**Prompt**
Start at the line in the entries below that contains "R-TECH 310039 Flat", stop at the line that contains "UWS TBV-49-BLK Black", and output exactly the lines in that span, both ends included.

───── Source data ─────

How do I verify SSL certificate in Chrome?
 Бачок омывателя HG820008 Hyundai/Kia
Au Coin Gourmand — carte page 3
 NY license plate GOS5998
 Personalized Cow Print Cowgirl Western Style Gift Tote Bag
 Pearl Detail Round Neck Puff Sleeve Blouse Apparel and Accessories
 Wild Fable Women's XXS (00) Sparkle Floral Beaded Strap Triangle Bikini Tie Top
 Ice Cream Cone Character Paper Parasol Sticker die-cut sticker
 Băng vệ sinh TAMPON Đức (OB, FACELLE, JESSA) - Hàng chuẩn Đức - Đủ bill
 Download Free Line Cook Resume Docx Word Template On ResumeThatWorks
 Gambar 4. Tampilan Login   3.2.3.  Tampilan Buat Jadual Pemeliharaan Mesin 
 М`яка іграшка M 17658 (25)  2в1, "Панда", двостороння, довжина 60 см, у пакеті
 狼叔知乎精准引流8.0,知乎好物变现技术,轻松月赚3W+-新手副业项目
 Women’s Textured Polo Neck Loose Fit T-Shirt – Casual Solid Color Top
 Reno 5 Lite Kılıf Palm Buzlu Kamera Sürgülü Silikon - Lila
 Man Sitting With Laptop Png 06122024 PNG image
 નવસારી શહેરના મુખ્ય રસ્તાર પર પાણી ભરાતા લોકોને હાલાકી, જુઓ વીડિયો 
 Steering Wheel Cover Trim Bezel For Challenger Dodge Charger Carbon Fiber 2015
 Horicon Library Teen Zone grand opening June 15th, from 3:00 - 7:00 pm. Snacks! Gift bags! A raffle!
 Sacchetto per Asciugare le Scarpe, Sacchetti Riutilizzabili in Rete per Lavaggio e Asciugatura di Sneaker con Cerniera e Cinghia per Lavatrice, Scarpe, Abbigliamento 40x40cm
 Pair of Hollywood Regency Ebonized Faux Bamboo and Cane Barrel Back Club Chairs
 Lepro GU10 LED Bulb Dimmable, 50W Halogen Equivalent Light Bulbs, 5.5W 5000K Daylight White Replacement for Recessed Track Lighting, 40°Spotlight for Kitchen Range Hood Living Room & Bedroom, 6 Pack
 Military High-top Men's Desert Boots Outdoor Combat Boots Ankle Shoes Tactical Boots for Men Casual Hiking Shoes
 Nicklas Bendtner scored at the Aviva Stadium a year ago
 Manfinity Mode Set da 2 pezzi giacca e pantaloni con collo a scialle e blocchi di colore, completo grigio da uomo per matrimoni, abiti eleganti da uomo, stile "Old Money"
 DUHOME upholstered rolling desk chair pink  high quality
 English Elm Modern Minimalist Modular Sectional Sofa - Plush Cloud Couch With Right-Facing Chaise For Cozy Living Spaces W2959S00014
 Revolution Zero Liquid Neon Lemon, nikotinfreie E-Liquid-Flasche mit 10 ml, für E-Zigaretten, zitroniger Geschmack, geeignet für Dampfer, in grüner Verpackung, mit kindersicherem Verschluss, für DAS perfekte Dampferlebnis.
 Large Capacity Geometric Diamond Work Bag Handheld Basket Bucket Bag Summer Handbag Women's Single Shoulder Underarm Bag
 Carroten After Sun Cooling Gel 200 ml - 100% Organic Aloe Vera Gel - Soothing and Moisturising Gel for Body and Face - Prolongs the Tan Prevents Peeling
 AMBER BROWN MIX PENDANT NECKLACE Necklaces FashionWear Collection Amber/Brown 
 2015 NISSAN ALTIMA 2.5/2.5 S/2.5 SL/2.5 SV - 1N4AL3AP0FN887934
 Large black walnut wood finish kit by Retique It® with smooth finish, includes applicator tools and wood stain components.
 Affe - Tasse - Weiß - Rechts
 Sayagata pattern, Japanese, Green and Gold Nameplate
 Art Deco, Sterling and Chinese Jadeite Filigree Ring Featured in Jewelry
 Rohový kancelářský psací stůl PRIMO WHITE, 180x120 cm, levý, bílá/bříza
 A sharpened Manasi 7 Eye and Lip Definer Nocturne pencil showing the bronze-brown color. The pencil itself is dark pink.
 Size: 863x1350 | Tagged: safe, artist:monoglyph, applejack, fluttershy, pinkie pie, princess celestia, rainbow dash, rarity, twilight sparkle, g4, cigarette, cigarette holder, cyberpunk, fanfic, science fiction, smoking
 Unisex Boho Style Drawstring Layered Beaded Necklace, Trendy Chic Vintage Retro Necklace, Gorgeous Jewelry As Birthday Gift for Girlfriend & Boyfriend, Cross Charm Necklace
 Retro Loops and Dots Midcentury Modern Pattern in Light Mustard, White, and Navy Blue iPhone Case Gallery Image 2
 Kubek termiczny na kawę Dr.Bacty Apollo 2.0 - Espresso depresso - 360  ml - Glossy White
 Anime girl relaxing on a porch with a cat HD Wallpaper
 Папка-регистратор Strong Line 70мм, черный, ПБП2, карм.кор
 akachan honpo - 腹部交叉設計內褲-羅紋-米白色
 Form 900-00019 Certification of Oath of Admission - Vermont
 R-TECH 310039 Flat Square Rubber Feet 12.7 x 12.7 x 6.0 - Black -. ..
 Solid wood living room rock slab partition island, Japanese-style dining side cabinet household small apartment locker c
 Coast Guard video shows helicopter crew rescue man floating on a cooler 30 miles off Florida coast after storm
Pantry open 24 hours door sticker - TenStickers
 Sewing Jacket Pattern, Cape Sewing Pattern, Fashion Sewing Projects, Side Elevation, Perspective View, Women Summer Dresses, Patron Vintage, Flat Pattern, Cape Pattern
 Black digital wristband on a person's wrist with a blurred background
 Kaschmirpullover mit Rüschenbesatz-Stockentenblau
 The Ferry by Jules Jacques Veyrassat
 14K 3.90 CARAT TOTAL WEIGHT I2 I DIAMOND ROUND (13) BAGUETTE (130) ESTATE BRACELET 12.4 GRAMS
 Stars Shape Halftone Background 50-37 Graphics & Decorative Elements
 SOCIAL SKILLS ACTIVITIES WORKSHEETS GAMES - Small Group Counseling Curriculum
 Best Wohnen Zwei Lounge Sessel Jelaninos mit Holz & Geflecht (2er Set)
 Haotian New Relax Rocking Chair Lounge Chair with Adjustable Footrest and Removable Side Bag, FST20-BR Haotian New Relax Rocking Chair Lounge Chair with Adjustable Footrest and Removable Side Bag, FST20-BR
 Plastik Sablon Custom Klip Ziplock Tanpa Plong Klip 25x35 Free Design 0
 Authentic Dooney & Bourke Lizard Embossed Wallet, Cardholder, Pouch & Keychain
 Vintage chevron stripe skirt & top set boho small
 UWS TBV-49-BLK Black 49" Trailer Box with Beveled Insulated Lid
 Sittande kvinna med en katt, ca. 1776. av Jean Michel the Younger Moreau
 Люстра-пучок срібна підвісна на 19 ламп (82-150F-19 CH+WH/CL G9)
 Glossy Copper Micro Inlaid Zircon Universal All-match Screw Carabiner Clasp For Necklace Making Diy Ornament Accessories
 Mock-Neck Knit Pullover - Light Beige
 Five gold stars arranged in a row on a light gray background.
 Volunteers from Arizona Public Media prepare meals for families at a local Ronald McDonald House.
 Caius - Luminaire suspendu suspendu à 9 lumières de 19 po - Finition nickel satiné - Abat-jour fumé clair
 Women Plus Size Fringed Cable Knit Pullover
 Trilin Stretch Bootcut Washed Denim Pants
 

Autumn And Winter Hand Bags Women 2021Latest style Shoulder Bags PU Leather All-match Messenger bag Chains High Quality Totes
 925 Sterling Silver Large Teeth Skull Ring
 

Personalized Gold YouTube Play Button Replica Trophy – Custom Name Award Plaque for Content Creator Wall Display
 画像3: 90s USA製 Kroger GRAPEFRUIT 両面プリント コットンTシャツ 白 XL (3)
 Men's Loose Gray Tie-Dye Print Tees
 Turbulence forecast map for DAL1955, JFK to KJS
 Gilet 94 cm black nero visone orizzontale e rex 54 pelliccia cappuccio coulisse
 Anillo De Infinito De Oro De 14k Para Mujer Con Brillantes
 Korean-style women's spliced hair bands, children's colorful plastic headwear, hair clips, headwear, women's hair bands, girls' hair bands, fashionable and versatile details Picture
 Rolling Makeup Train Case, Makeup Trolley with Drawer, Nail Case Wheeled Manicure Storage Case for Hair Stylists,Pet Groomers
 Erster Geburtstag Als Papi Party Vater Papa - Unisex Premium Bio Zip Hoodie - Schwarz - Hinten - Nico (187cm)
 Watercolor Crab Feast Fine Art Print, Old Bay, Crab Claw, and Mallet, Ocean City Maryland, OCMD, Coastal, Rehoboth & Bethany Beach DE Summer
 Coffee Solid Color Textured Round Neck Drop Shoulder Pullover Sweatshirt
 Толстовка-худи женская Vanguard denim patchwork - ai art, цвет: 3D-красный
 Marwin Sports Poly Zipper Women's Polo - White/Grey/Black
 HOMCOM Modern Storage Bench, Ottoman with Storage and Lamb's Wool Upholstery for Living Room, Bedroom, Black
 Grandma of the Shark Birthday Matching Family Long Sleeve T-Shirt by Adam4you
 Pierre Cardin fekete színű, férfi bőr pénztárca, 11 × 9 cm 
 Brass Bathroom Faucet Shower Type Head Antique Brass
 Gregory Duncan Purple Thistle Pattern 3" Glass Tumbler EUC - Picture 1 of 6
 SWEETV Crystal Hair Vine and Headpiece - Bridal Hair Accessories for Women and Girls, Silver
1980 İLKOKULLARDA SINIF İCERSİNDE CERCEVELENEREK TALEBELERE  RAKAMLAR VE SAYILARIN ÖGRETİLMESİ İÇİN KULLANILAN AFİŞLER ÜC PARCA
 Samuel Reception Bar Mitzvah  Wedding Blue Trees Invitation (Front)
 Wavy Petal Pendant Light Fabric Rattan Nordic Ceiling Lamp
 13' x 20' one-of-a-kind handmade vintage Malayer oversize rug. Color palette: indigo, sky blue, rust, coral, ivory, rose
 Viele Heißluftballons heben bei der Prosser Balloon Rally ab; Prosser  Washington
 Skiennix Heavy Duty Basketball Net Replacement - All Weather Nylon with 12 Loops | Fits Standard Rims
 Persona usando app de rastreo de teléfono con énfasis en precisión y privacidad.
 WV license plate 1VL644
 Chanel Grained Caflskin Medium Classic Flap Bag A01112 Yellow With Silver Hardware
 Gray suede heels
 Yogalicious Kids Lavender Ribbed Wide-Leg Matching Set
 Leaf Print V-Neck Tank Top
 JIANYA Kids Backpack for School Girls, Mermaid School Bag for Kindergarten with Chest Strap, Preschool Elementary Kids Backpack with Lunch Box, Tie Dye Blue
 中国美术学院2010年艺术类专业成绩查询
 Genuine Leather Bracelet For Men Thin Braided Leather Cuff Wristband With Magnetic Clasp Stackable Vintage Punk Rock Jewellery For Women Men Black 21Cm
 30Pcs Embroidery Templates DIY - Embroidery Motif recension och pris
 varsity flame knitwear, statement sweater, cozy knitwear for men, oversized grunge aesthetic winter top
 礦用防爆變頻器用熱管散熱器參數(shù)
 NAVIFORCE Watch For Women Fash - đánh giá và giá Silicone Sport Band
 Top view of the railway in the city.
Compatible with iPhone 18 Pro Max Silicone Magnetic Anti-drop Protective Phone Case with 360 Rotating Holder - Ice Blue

─────

**Result of the task**
 R-TECH 310039 Flat Square Rubber Feet 12.7 x 12.7 x 6.0 - Black -. ..
 Solid wood living room rock slab partition island, Japanese-style dining side cabinet household small apartment locker c
 Coast Guard video shows helicopter crew rescue man floating on a cooler 30 miles off Florida coast after storm
Pantry open 24 hours door sticker - TenStickers
 Sewing Jacket Pattern, Cape Sewing Pattern, Fashion Sewing Projects, Side Elevation, Perspective View, Women Summer Dresses, Patron Vintage, Flat Pattern, Cape Pattern
 Black digital wristband on a person's wrist with a blurred background
 Kaschmirpullover mit Rüschenbesatz-Stockentenblau
 The Ferry by Jules Jacques Veyrassat
 14K 3.90 CARAT TOTAL WEIGHT I2 I DIAMOND ROUND (13) BAGUETTE (130) ESTATE BRACELET 12.4 GRAMS
 Stars Shape Halftone Background 50-37 Graphics & Decorative Elements
 SOCIAL SKILLS ACTIVITIES WORKSHEETS GAMES - Small Group Counseling Curriculum
 Best Wohnen Zwei Lounge Sessel Jelaninos mit Holz & Geflecht (2er Set)
 Haotian New Relax Rocking Chair Lounge Chair with Adjustable Footrest and Removable Side Bag, FST20-BR Haotian New Relax Rocking Chair Lounge Chair with Adjustable Footrest and Removable Side Bag, FST20-BR
 Plastik Sablon Custom Klip Ziplock Tanpa Plong Klip 25x35 Free Design 0
 Authentic Dooney & Bourke Lizard Embossed Wallet, Cardholder, Pouch & Keychain
 Vintage chevron stripe skirt & top set boho small
 UWS TBV-49-BLK Black 49" Trailer Box with Beveled Insulated Lid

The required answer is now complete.